[Data]:

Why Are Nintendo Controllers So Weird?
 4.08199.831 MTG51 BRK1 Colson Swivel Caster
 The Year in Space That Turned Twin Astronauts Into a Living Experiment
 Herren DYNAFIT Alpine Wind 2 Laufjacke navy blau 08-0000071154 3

...

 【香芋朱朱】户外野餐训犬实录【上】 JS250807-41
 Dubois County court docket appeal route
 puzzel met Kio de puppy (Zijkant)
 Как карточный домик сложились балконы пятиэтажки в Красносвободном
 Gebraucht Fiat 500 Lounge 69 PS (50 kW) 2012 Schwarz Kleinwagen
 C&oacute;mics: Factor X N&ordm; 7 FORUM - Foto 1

[Exercise goal]: The range runs from the line above containing "Gebraucht Fiat 500" to the line containing "C&oacute;mics: Factor X", inclusive. Restate those lines word for word and no others.

[Reply to the task]:
 Gebraucht Fiat 500 Lounge 69 PS (50 kW) 2012 Schwarz Kleinwagen
 C&oacute;mics: Factor X N&ordm; 7 FORUM - Foto 1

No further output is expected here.